Ersin Afacan ‘ın bu haftaki “Sanchez Barcelona ‘ya, peki Arda nereye ?” adlı makalesini sizlerle paylaşıyoruz.
Barcelona uzun zamandır kadrosuna katmak için uğraş verdiği Alexis Sanchez için kulübü Udinese ile anlaşmaya vardı. Şilili oyuncu Katalan ekibi ile resmi sözleşme imzalayacak.
2010 Dünya Kupası’nda ben de dahil olmak üzere pek çok futbolseverin dikkatini çeken ve 19 Aralık 1988 doğumlu olan “El Niño Maravilla” (Harika Çocuk) olarak da tanınan Sánchez, 2007’de World Soccer tarafından dünyadaki en iyi 50 genç futbolcu arasında gösterilmişti.
Peki Arda Turan? 30 Ocak 1987 doğumlu olan Arda, Hagi’nin teknik direktörlüğü döneminde 2004-2005 sezonunda A takıma yükseldi. Yeterli forma şansı bulamadığı bu dönemin ardından tecrübe kazanması için Manisaspor’a kiralık olarak verildi. Manisaspor’da geçirdiği yarım sezonda göz dolduran Arda, 2006-2007 sezonunda Galatasaray’a dönmüştü.
17 milyonluk Şili’den yetişen bir futbolcu ile 74 milyonluk Türkiye’den yetişen bir futbolcudan bahsediyoruz. En son Atletico Madrid’e gitmesi konuşulan Arda’nın transferi gerçekleşmemişti. Ayrıca Alexis Sanchez’e ödenecek bonservis ücreti ile Arda’ya teklif edilen bonservis ücretini yazmıyorum.

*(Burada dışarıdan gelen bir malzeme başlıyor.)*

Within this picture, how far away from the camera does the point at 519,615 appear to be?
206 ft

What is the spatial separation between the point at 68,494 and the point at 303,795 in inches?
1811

Şili ve Türkiye gelişmekte olan geri kalmış iki ülke olup futbol bazında da aynı seviyedeler. Zaten spor ve özellikle futbol kültürü olarak Latin Amerika’ya benzeyen ülkemizden Alexis Sanchez kalitesinde genç futbolcu yetiştirip ihraç edemiyor ve Barcelona gibi dev kulüpleri bu futbolcularımızın peşinden koşturtamıyorsak bunun sebepleri üzerinde düşünmemiz gerekir.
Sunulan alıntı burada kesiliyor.